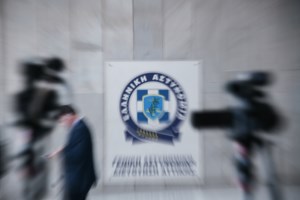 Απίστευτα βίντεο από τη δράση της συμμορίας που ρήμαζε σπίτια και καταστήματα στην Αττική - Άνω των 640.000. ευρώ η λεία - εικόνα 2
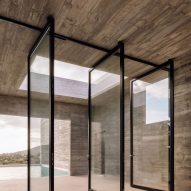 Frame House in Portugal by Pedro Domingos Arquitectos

********

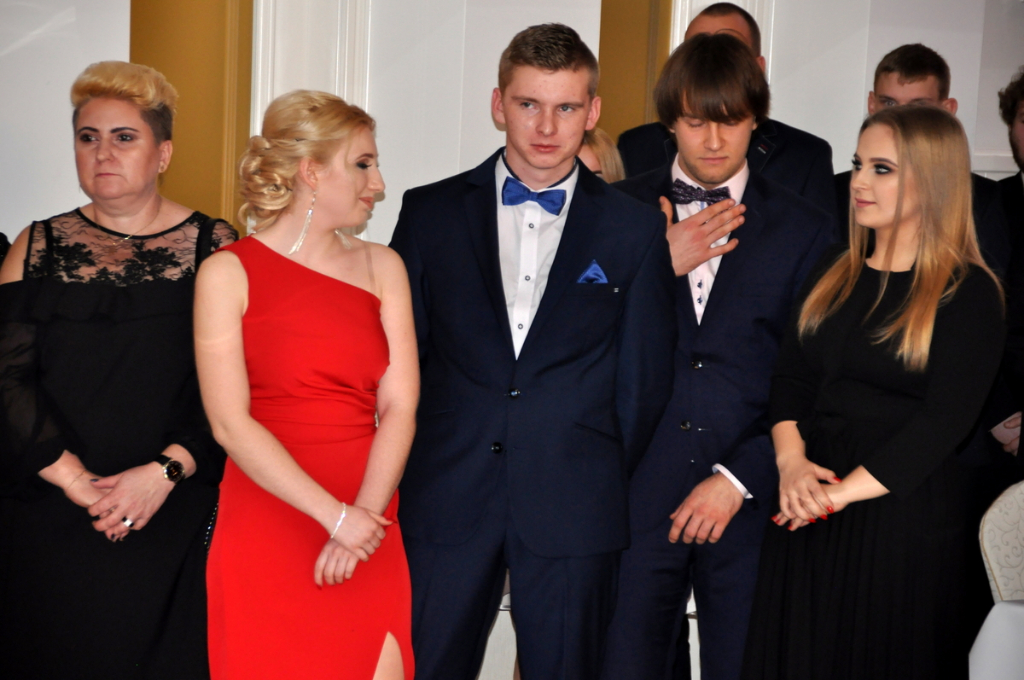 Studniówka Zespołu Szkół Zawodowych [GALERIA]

********

Required action. Exact copy, pictures excluded: from the line with "Απίστευτα βίντεο από" up to and including the line with "Frame House in" in the data above.

Answer below.
 Απίστευτα βίντεο από τη δράση της συμμορίας που ρήμαζε σπίτια και καταστήματα στην Αττική - Άνω των 640.000. ευρώ η λεία - εικόνα 2
 Frame House in Portugal by Pedro Domingos Arquitectos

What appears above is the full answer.